RECORD SET:

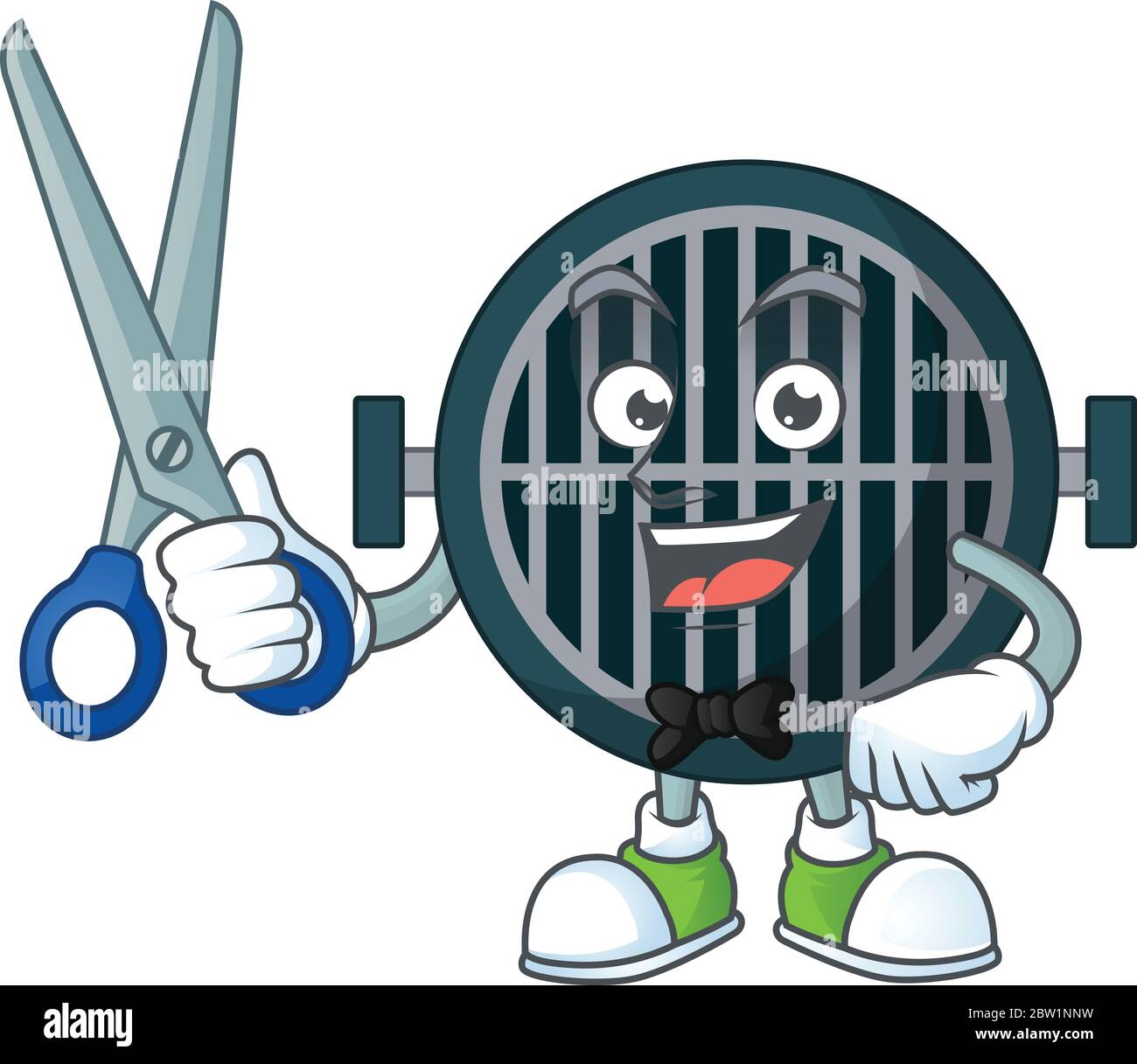 Ein Bild von Grill Barber Cartoon-Figur arbeiten mit Schere. Vektorgrafik Stock Vektor
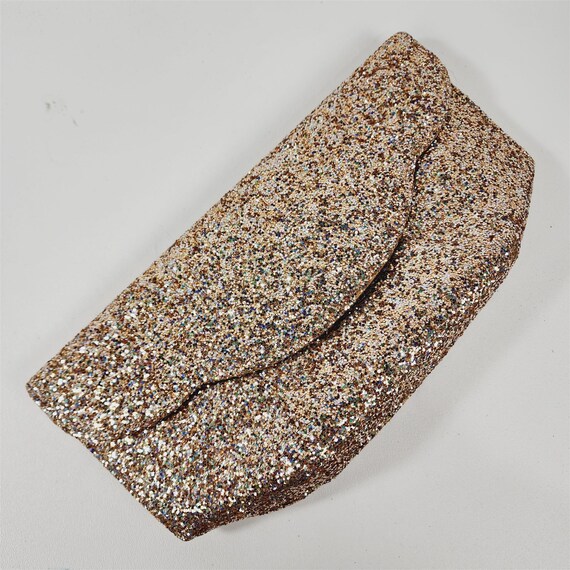 Champagne glitter clutch bag hotsell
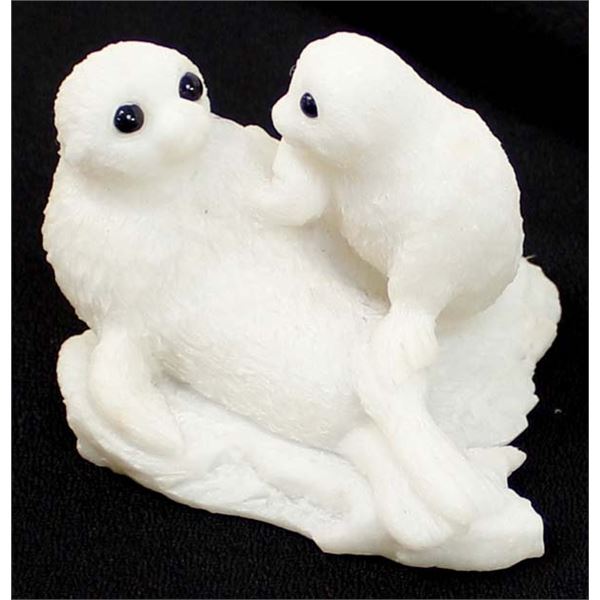 Mama and Baby Seal Figurine
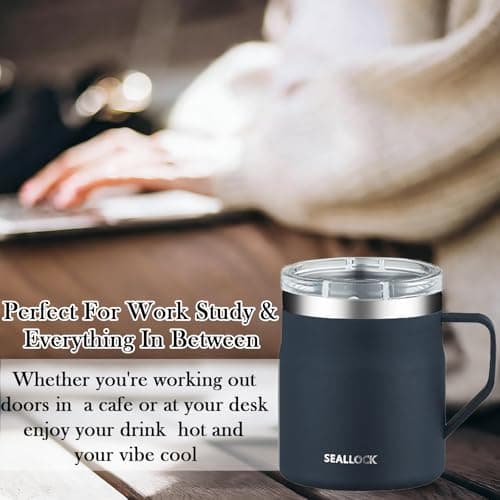 YueXing 450ml Stainless Steel Coffee Mug with Lid and Handle – Wide-Mouth Easy-Clean Desk Mug for Home or Office (Blue) — view 4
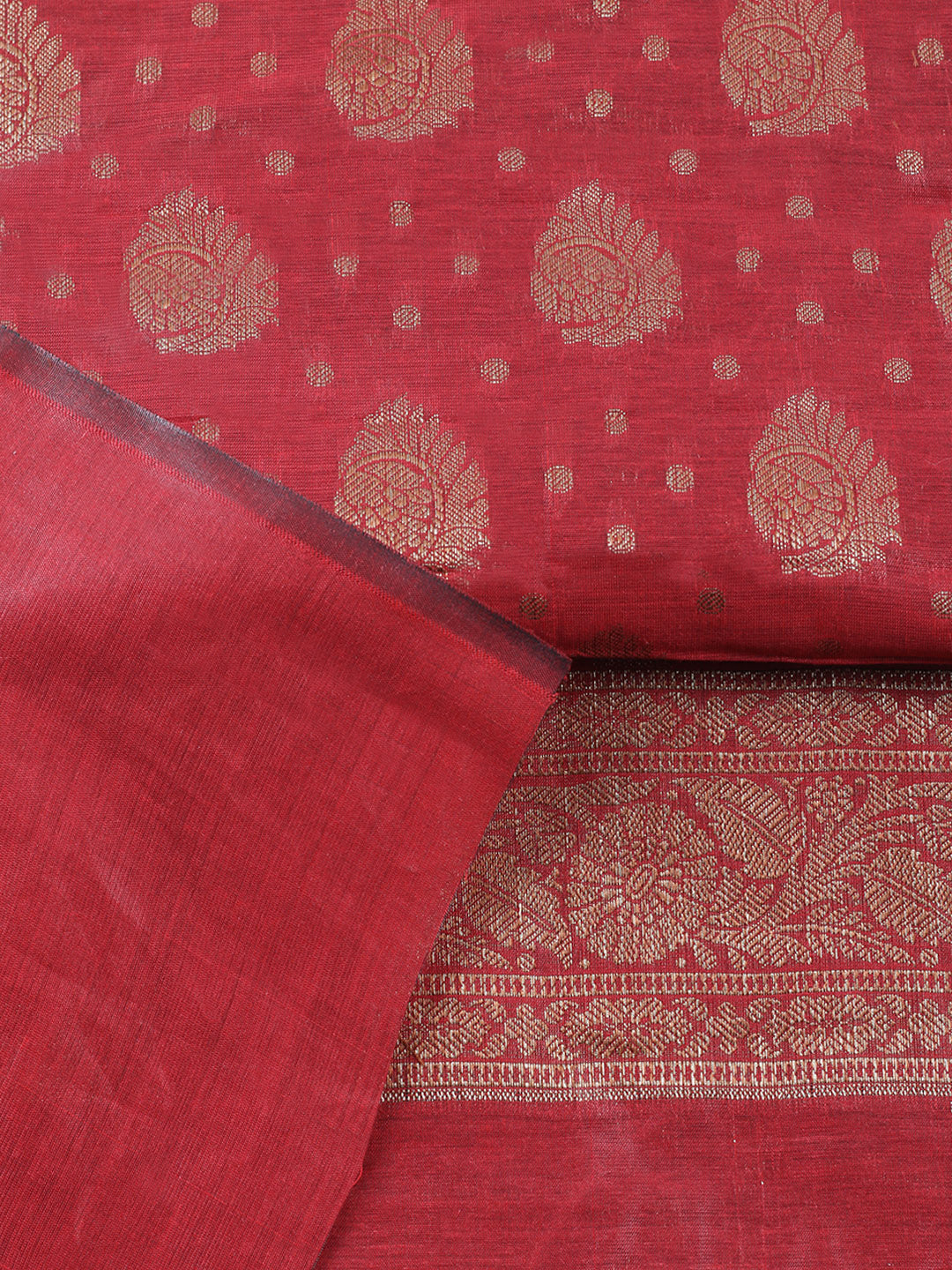 Banarasi Chanderi Unstitched Suit With Pant &amp; Dupatta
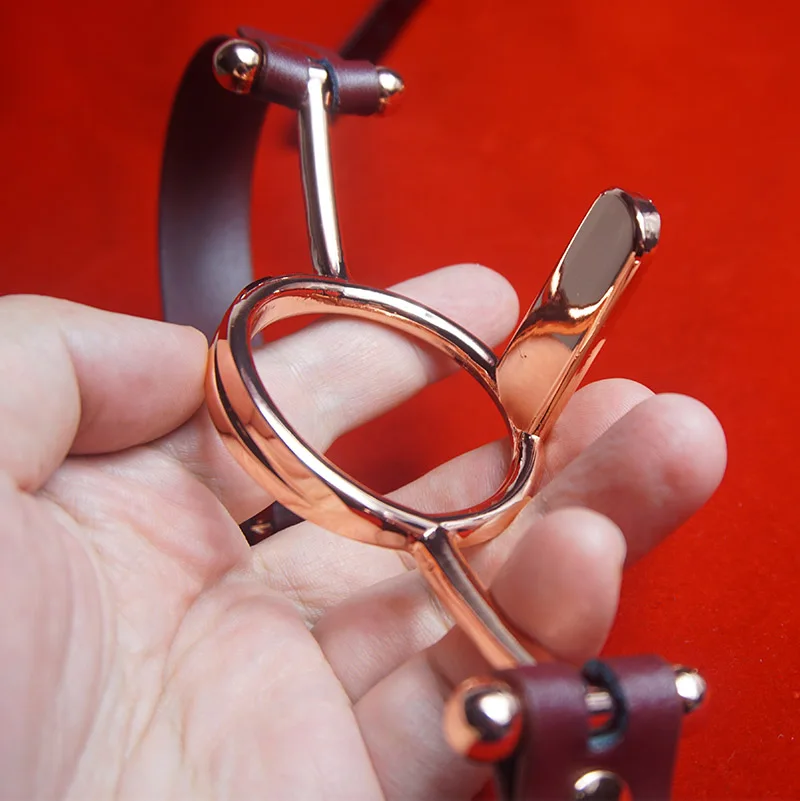 BDSM Metal Ring Imprisoned Tongue Gag,Slave Deep Throat Gags,Submissive Bondage Restraints,Sex Toys for Couples,Adult Games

INSTRUCTIONS FOR THE TASK: Only the lines from the line with "Champagne glitter clutch bag hotsell" through the end of the entries above, copied exactly and with both ends included, belong in the response; the pictures do not.

RESPONSE FOR THIS EXERCISE:
 Champagne glitter clutch bag hotsell
 Mama and Baby Seal Figurine
 YueXing 450ml Stainless Steel Coffee Mug with Lid and Handle – Wide-Mouth Easy-Clean Desk Mug for Home or Office (Blue) — view 4
 Banarasi Chanderi Unstitched Suit With Pant &amp; Dupatta
 BDSM Metal Ring Imprisoned Tongue Gag,Slave Deep Throat Gags,Submissive Bondage Restraints,Sex Toys for Couples,Adult Games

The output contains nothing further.